In the entries that follow, locate the line with "Backless Elasticity Hollow", then restate that line and all later lines exactly as they appear, leaving pictures out.

Captioned web image data
-.-.-

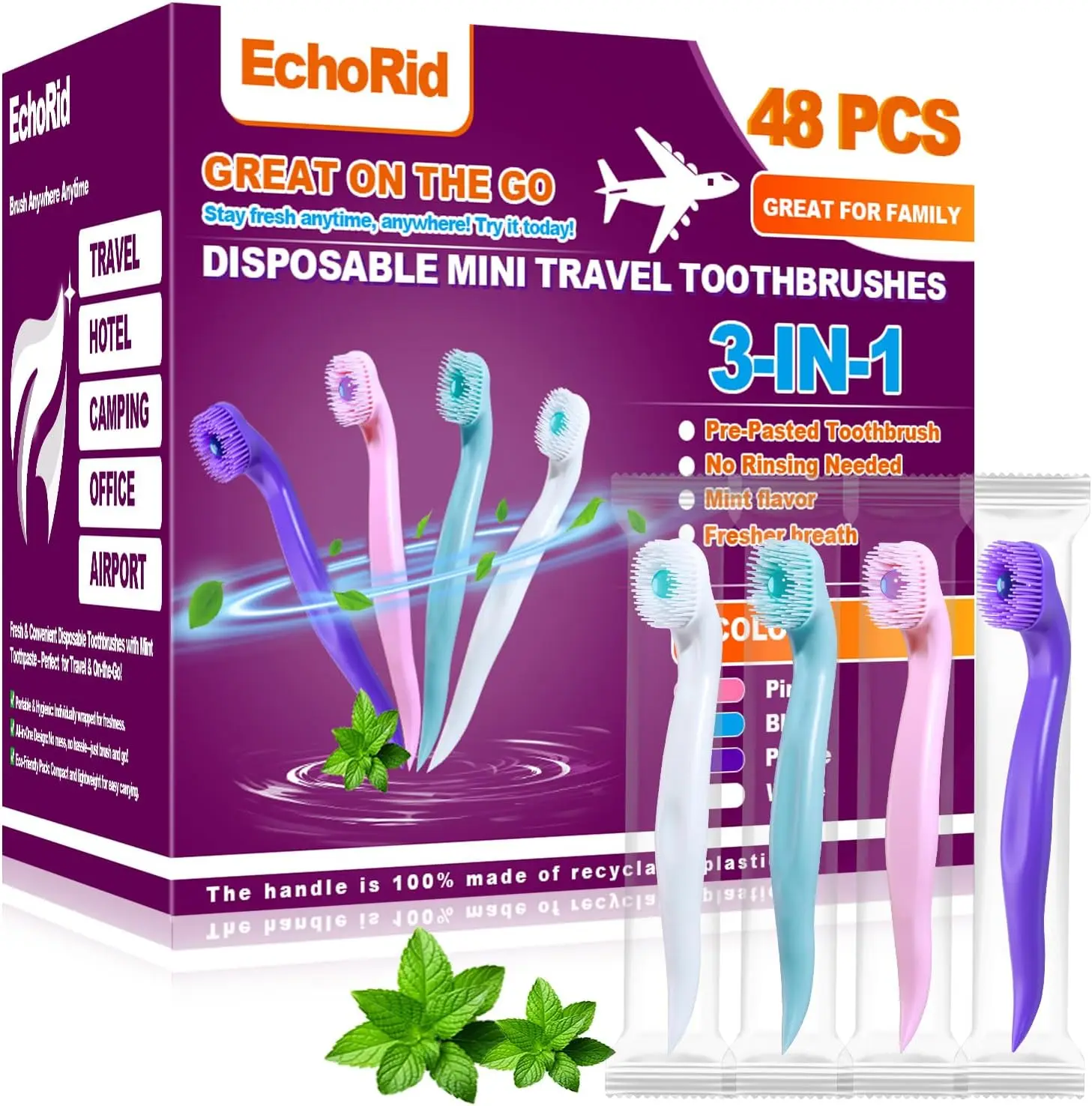 

Миниатюрная одноразовая зубная щетка с зубной пастой и зубочисткой для путешествий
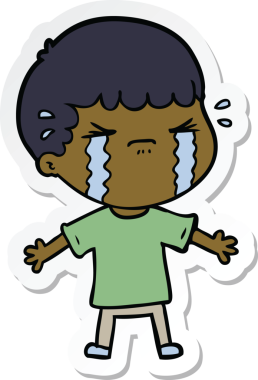 Bir insan tarafından çizilmiş, ağlayan bir çizgi film karakterinin çıkartması.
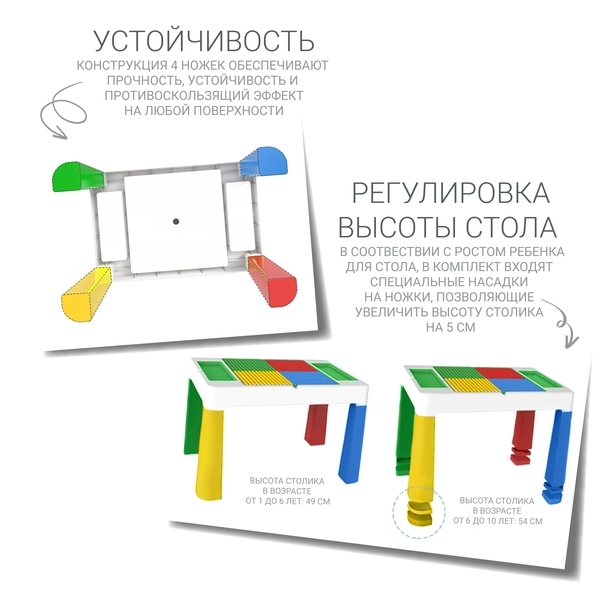 Детский функциональный столик и стульчик Poppet 5 в 1, зеленый (PP-002G) - Pampik - 5
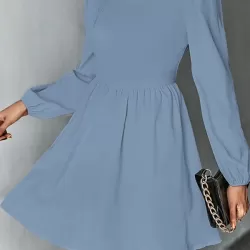 Backless Elasticity Hollow Pleated Solid Color Tied A-Line Bishop Sleeve Round-Neck Mini Dresses
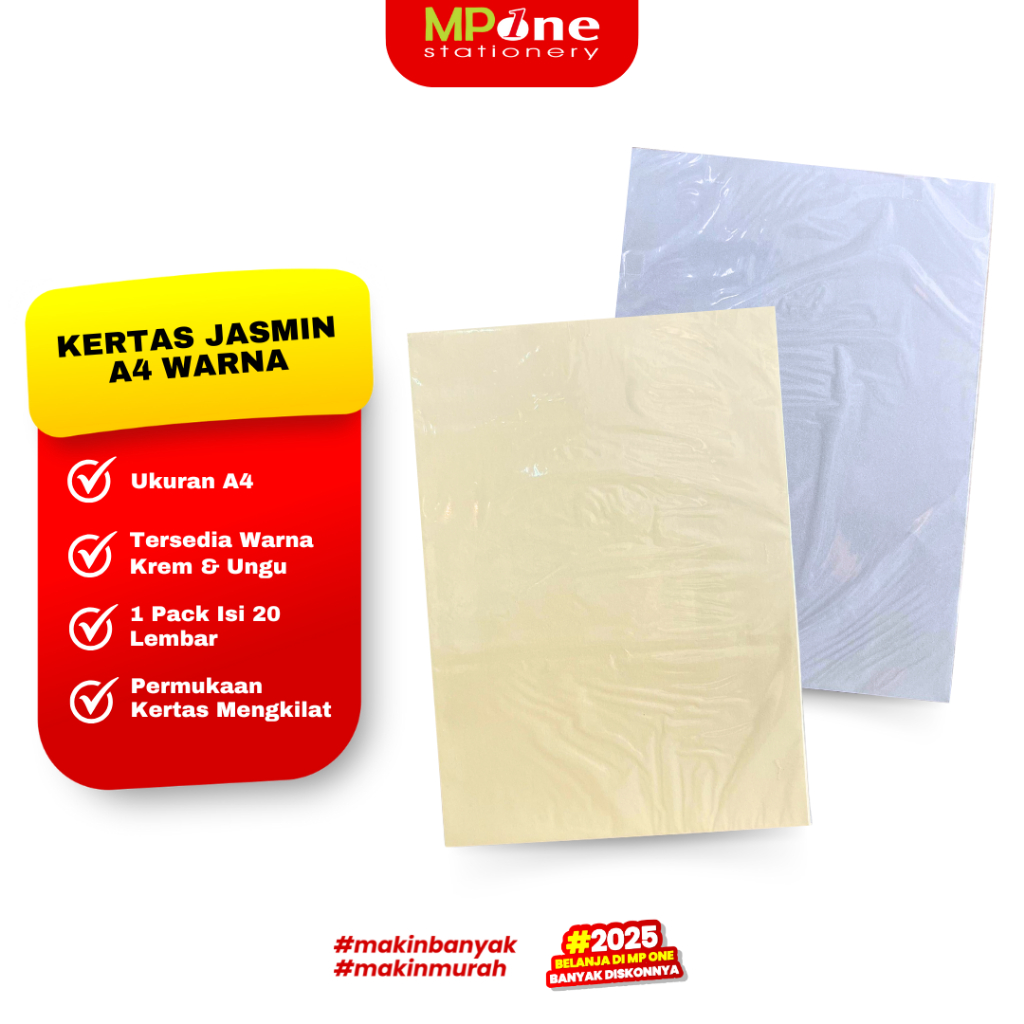 

(1 PACK) Kertas Jasmine 150gr Warna Krem & Ungu / Kertas Jasmine Mengkilat / Kertas Cetak Undangan DLL Isi 20 Lembar
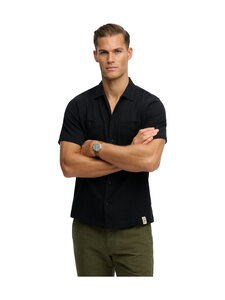 Superdry - Merchant Textured -kauluspaita - 02A BLACK | Stockmann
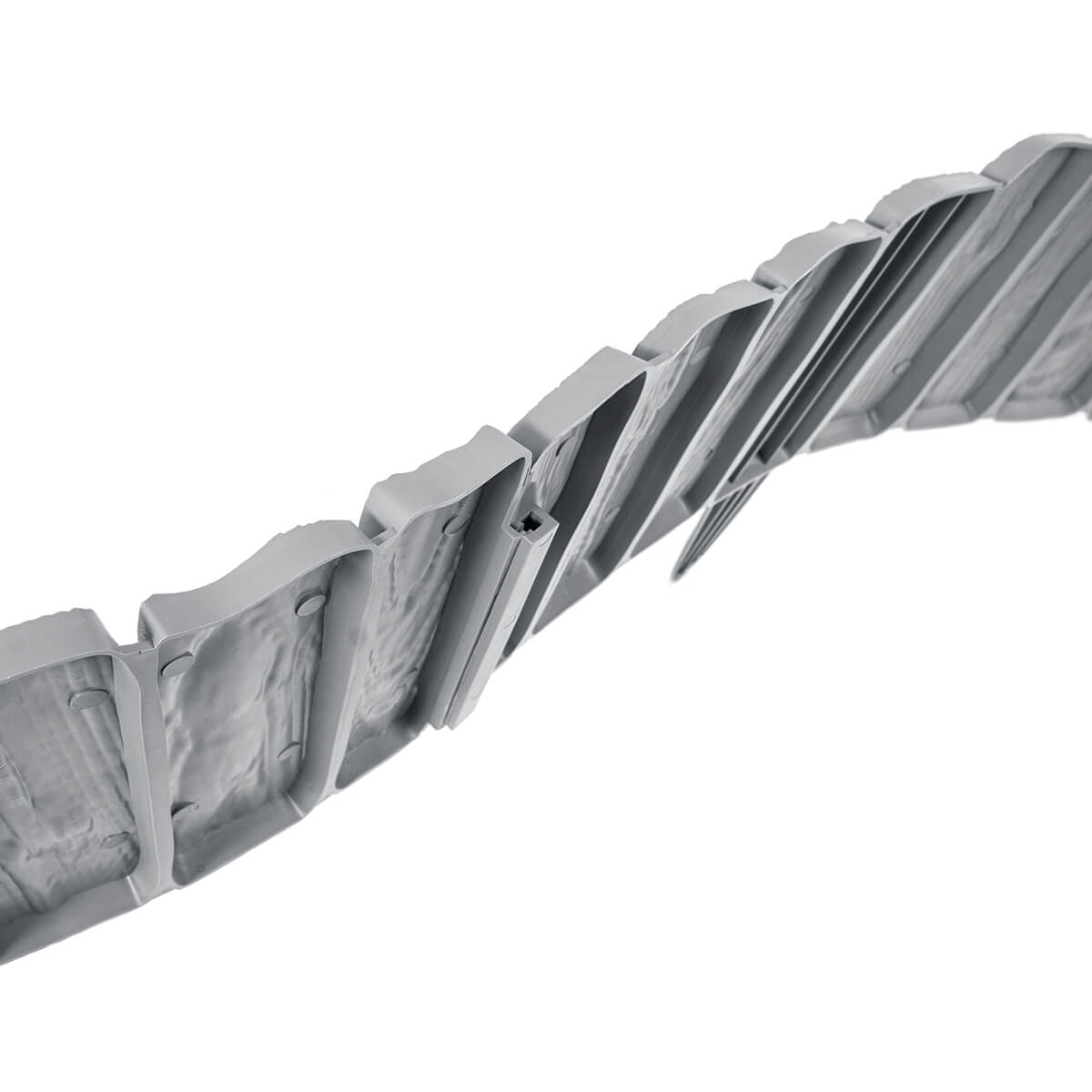 Lawn Edging, Plastic Palisade Wood Effect, 2.32m, Gray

-.-.-

**Solution to the exercise:**
 Backless Elasticity Hollow Pleated Solid Color Tied A-Line Bishop Sleeve Round-Neck Mini Dresses

(1 PACK) Kertas Jasmine 150gr Warna Krem & Ungu / Kertas Jasmine Mengkilat / Kertas Cetak Undangan DLL Isi 20 Lembar
 Superdry - Merchant Textured -kauluspaita - 02A BLACK | Stockmann
 Lawn Edging, Plastic Palisade Wood Effect, 2.32m, Gray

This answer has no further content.